Lashing Out Again Against Private Restaurants / Rebeca Monzo

Menus from private restaurants — paladares — in Havana

Rebeca Monzo, 24 October 2016 — The Peoples’ Powers and the Ministry of Internal Trade are mobilizing again against successful paladares — privately owned restaurants — using the excuse of corruption and drug sales.

To clarify, it is true that some of these establishments, sadly, are bars and discos and these crimes have occurred. Above all, because there are no licenses for these kinds of businesses, so they get licensed as paladares, and as a “cover” offer some culinary specialities.

Among the things that really annoy the Cuban state, is that these private establishments have proved very successful, exposing the ineptitude and inability of the administration of the regime to face competition. One of the main reasons for this state failure are the low wages and high political demands they make on their employees.

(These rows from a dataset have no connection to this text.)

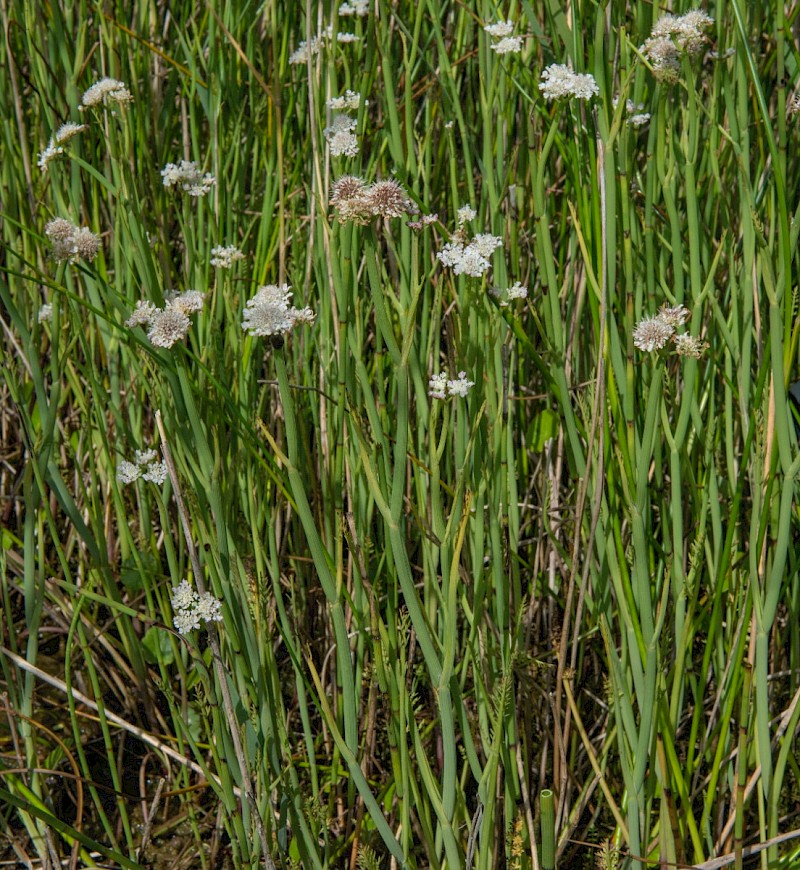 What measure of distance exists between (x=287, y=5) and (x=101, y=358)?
0.68 m

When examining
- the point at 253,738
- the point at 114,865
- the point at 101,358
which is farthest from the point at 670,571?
the point at 101,358

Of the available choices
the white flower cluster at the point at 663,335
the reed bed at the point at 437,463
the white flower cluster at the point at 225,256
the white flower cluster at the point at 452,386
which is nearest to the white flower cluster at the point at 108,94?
the reed bed at the point at 437,463

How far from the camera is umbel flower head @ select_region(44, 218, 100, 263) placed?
0.99m

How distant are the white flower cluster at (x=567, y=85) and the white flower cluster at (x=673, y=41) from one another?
0.28ft

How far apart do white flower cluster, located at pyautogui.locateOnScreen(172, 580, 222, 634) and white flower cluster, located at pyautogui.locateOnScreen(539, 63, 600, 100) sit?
628 millimetres

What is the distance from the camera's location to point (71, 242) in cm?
100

One of the regime’s pretexts to attack these restaurants is prostitution and drugs, but this has nothing to do with them, but rather with the bars and discos, which can only survive under a restaurant license. And it is here that inspectors and corrupt police “get fat.”

What is not said publicly, it is that many of these trouble spots belong to children of senior leaders of the country, while the attacks, unfortunately, are lodged against the most politically vulnerable.

However, the regime has a hard time officially acknowledging that the main dens of prostitution and drugs, have been and are those belonging to the state, the sites of the the biggest scandals of this kind, as happened a few years ago in the Old Havana Brewery and in the Commodore and Copacabana nightclubs, just to mention a few examples.